Tesla sales surge 98%; company boosts margins on its less-costly models
Tesla Inc posted a bigger second-quarter profit than expected on Tuesday thanks to sharply higher sales of its less-expensive electric vehicles, as it raised prices to boost its margins on them.
Tesla also cut costs which helped it offset many of the supply chain and microchip shortfalls facing the auto industry.
For the first time since late 2019, Tesla profits did not rely on sales of environmental credits to other automakers, a sign of increasing financial health for the manufacturing operation. Tesla boosted its performance by cutting features it said were unused or unneeded and raising US vehicle prices.
Shares of the world's most valuable automaker rose 1.5% in extended trade.
In a call with investors and analysts, Tesla executives said that volume production growth will depend on parts availability, and Musk cautioned the shortage of semiconductors will continue.
“The global chip shortage situation remains quite serious,” Musk said.
Still, Musk said Tesla expects to launch production this year of the Model Y SUV at factories under construction in Texas and Germany. He said the company expects battery cell suppliers to double production next year.
Despite the pandemic and the supply chain crisis, Tesla posted record deliveries during the quarter, thanks to sales of cheaper models including Model 3 sedans and Model Ys.
The carmaker, led by billionaire entrepreneur Elon Musk, said revenue jumped to $11.96bn (roughly R177bn) from $6.04bn (roughly R89.4bn) a year earlier, when its California factory was shut down for more than six weeks due to local lockdown orders to fight the pandemic.
Analysts had expected revenue of about $11.3bn (roughly R167.2bn), according to IBES data from Refinitiv.

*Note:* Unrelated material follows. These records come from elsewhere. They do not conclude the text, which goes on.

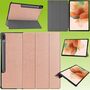 F�r Samsung Galaxy Tab S7 Plus / S7 FE/ Tab S8 Plus Premium Smartcover Rose Gold Tablet Tasche Etuis H�lle  
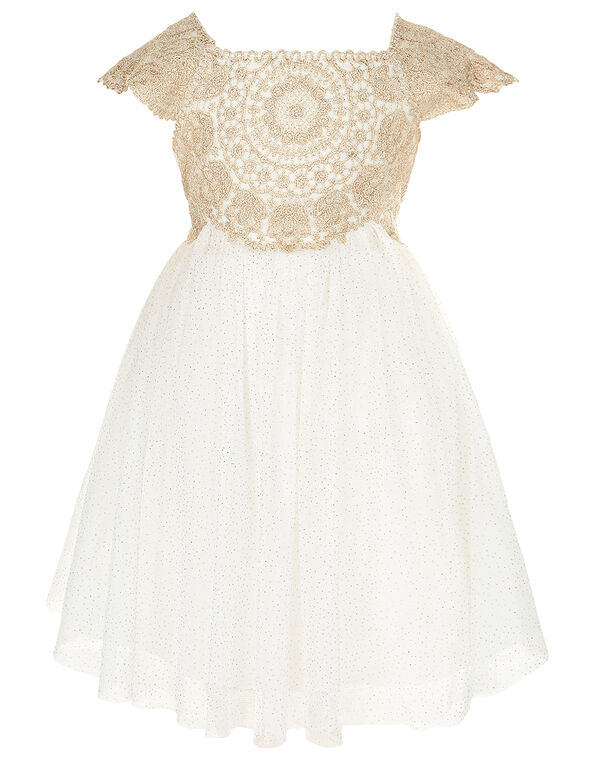 Baby Estella Dress, Gold (GOLD), large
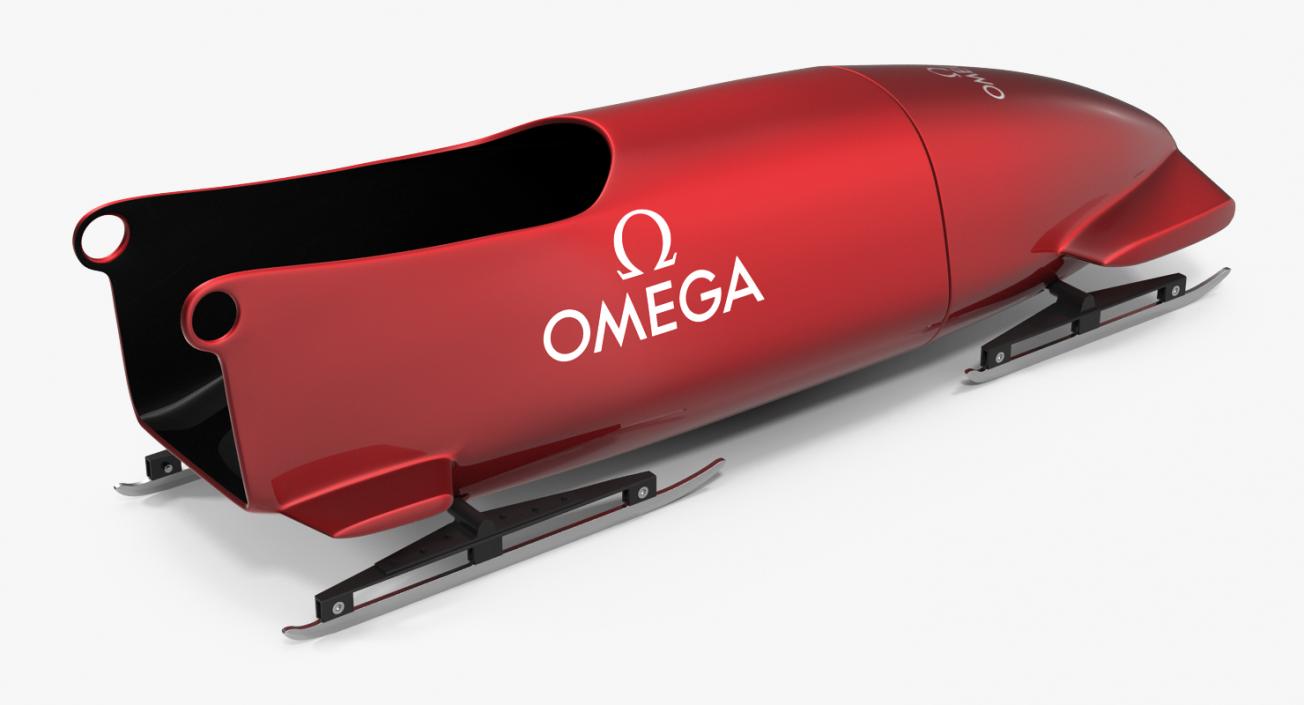 Bobsled Two Person Omega 3D model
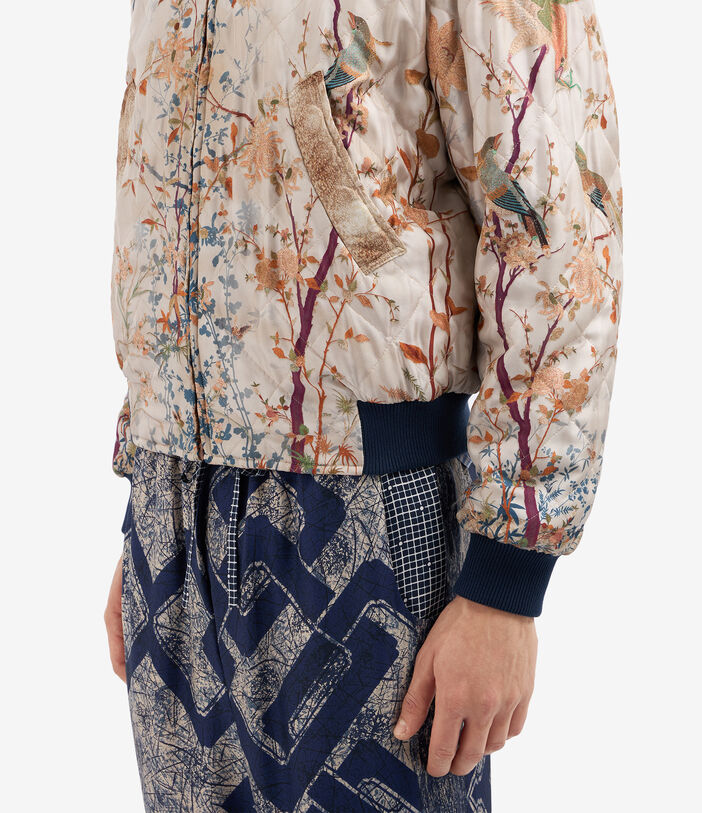Pierre Louis Mascia ALOADAZ Bomber Jacket Silk ECRU - BLUSH PINK ALOADAZBM11172SE514932101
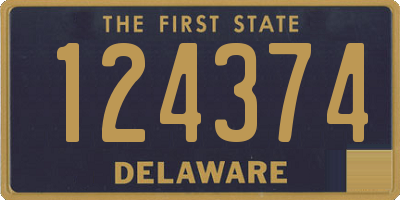 DE license plate 124374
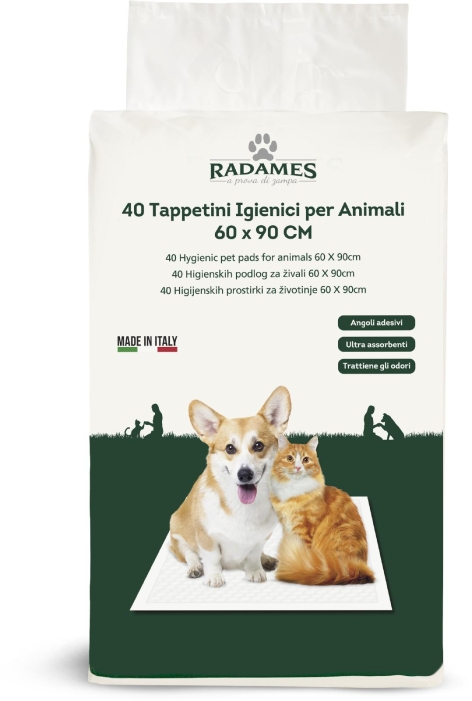 40 TAPPETINI IGIENICI PER ANIMALI 60X90 CM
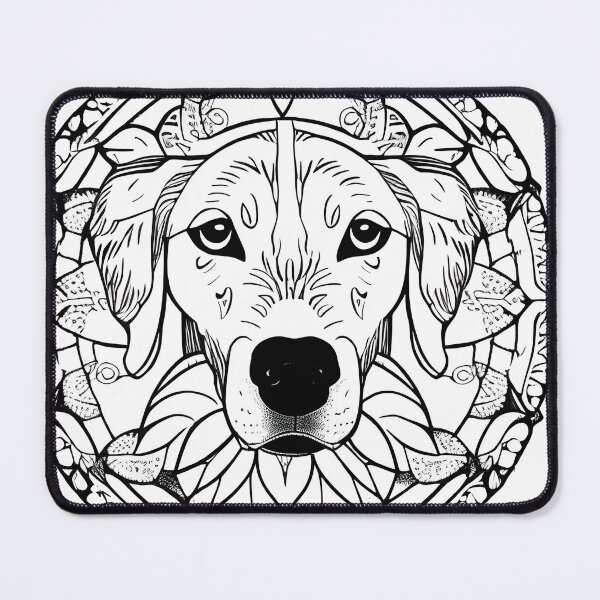 Item preview, Dog mandala coloring book page for meditation, relax, mindfulness designed and sold by UlfrGutheitrir.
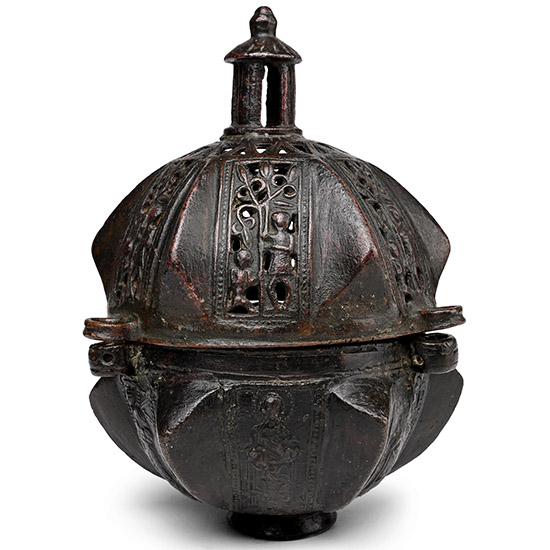 Medieval Bronze Incense Burner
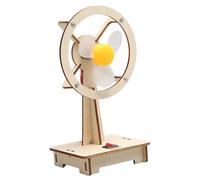 Handmade Wooden Desk Fan, Wooden Fan Toy Set, Over 7 Years Old Fan Toy for Science Experiments, Handmade Primary School Projects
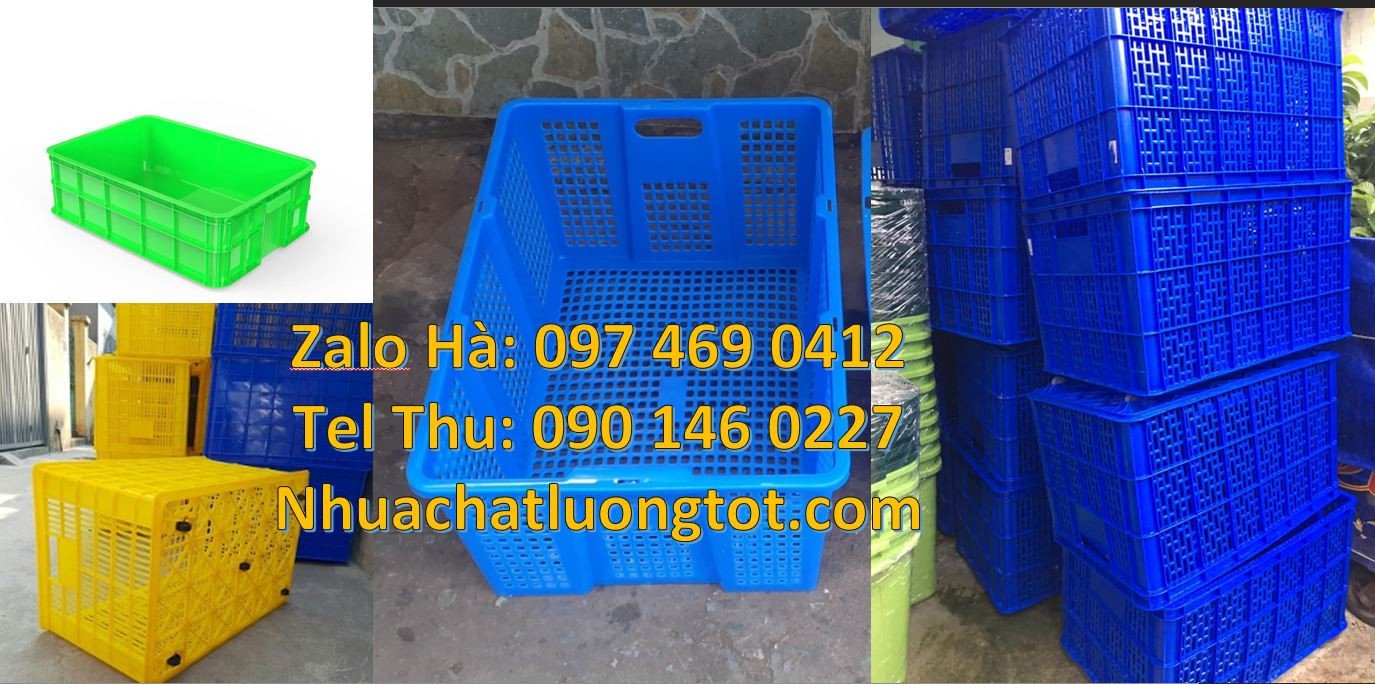 thùng nhựa,sóng nhựa,khay nhựa sọt nhựa công nghiệp màu xanh vàng đỏ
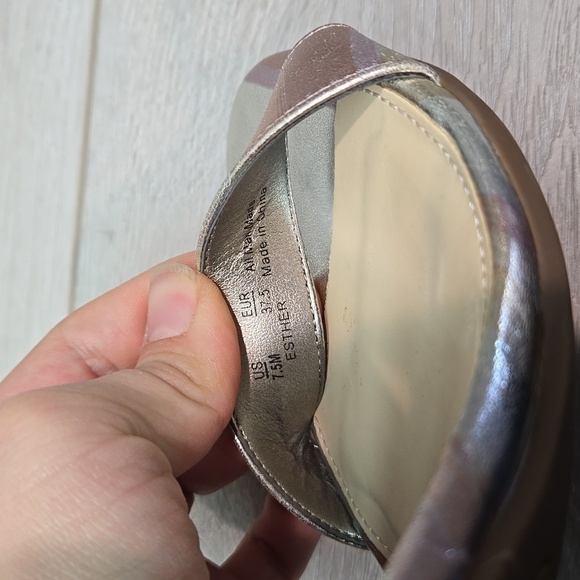 Circus By Sam Edelman Esther Metallic Ankle Heels Sandals shoes sz 7.5M - Picture 16 of 16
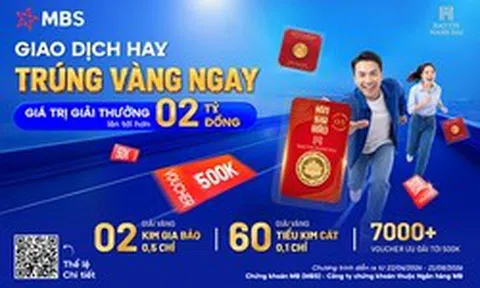 MBS tung “cú nổ lớn” giữa mùa đầu tư: tặng vàng và loạt voucher ưu đãi lên đến hơn 2 tỷ đồng!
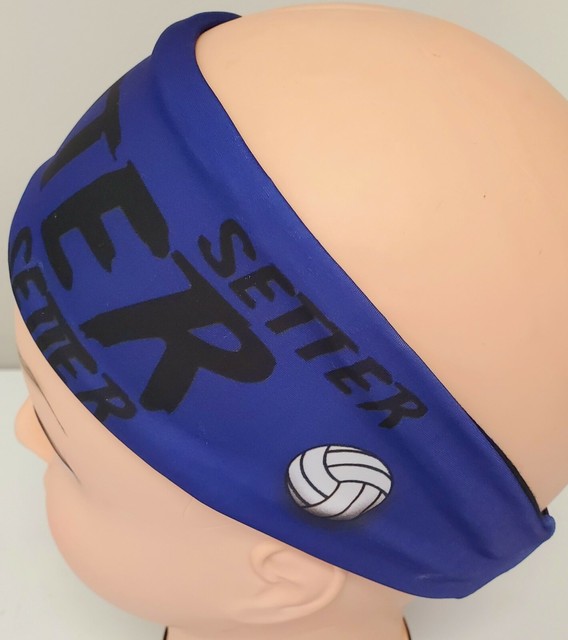 Volleyball Player Position Headbands SETTER Thick Spandex (Many Colors) eBay
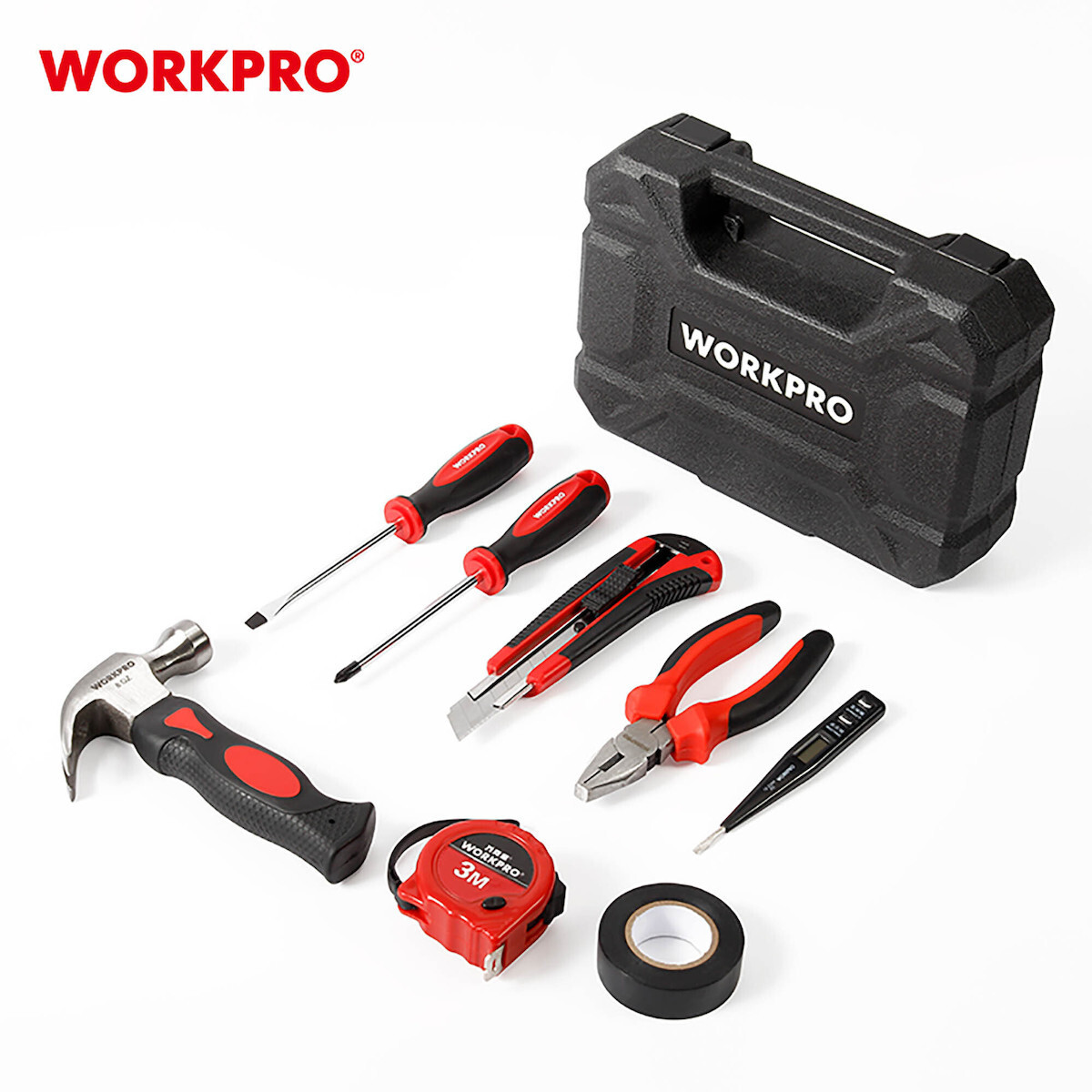 WORKPRO Κασετίνα Εργαλείων Χειρός 8 Τεμαχίων – WP209001 - Image 2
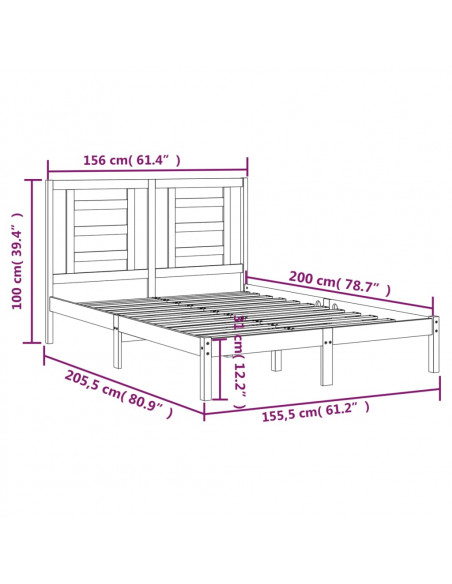 Giroletto Massello Pino 150x200cm King Size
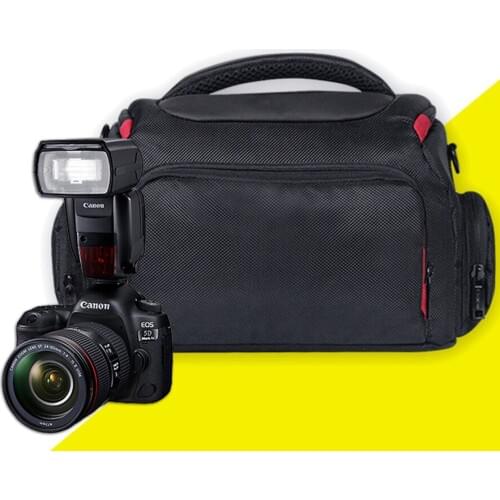 L/M/S Waterproof Camera Case Bag Travel Shoulder Bag for Canon EOS 5D Mark IV 6D 7D 80D 70D 760D 750D Nikon Sony SLR DSLR Camera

Excluding items, Tesla posted a profit of $1.45 per share, easily topping analyst expectations for a profit of 98c per share.
Tesla said operating income rose with volume growth and cost reduction, which offset higher supply chain costs, lower regulatory credit revenue and other items including $23m (roughly R340.4m) in losses on investment in cryptocurrency bitcoin.
Tesla's profitability has often relied on selling regulatory credits to other automakers, but in the second quarter, Tesla was profitable without these credits for the first time since the end of 2019. Its GAAP net income was $1.14bn (roughly R16.9bn) in the second quarter. Revenue from the credits only totalled $354m (roughly R5.24bn).
“Tesla impressed with its numbers, as most of its revenue came from vehicle sales,” Jesse Cohen, senior analyst at Investing.com, said.
Carmaker Stellantis expects to achieve its European carbon dioxide (CO2) emissions targets this year without environmental credits bought from Tesla.
Tesla said it said it has delayed the launch of the Semi truck programme to 2022 to focus on starting factories and due to limited availability of battery cells and other parts this year.
But the company's new 4680 batteries are not ready for volume production; executives said it was difficult to predict when technological challenges would be resolved.
In an aside, Musk said he “most likely will not be on earnings calls” going forward to discuss financial results with investors and analysts. These calls have been a colourful quarterly ritual Musk has used for discourses on Tesla technology, or to fire back at rivals or critics.